Rychard Carrington reports on Think Floyd - The Junction, Cambridge 4 June 2009

Think Floyd logo
Junction 1, The

All hail Pink Floyd! Of the generation of bands that embarked upon the exhilarating project of taking over from where The Beatles left off in the expansion of  rock beyond the confines of pop, Pink Floyd were the most successful. After producing The Piper At The Gates Of Dawn, the album that best represents the knowing charm and liberating spirit of the best of late sixties English counter-culture, Pink Floyd mutated, via post-psychedelic pastoral adventures, into the definitive purveyors of symphonic rock. For all Floyd's sophistication and earnestness, their monuments to contemporary alienation struck deep emotional chords with many listeners, and the commercial success of their avant-garde rock has been phenomenal.

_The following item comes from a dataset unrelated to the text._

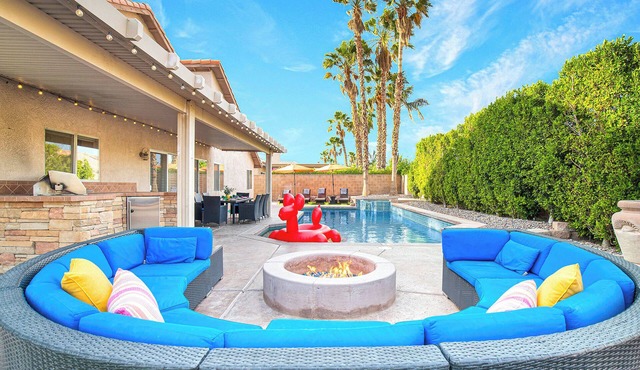 NEW! LQ Luxury Retreat - Saltwater Pool, Game Room, BBQ, Family Fun! LIc #66008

Even Pope Johnny Rotten conferred upon them a certain kudos by famously wearing an ‘I hate Pink Floyd' tee-shirt. And furthermore, the three most important members grew up in Cambridge.

 

The Floyd never bothered with exuding personal charisma, nor was virtuoso showman  musicianship quite their forte. A large proportion of their present-day fans (including me) never saw them live, and most of those that did only in stadia far larger than The Junction.  So a tribute band has potential. Without the special effects that characterised the later Floyd shows, tonight's presentation evoked more the Floyd at the start of the seventies - four unprepossessing longhaired guys in jeans and tee-shirts playing such wonderfully introspective music. Oh, the deep, delicate nuances of keyboards and guitar on Shine On You Crazy Diamond, Think Floyd's opening number. Echoes worked best of all. Dark Side of The Moon was represented impressively, with most of the tracks getting an airing. Backing vocalist Hayley Sanderson came into her own on The Great Gig In The Sky. Without scope for visual extravagance, the tracks from the grandiose psychodrama The Wall (in which the original Floyd forsook their laid-back cool) fared slightly less well, until Comfortably Numb provided a fitting encore. Think Floyd attempted little other than to reproduce faithfully, and in this they succeeded, to their considerable credit as instrumentalists, with only the lead vocals somewhat weak.

 

Classical symphonies are regularly reproduced by musicians with no affiliation to the composer or original players, so why shouldn't Floyd fans gather and enjoy a sincere musical tribute? The gig was well attended, the band much applauded. Vintage progressive rock lives on: hurrah, that's nice. ‘Is there anybody [still] out there?' Yes, most certainly.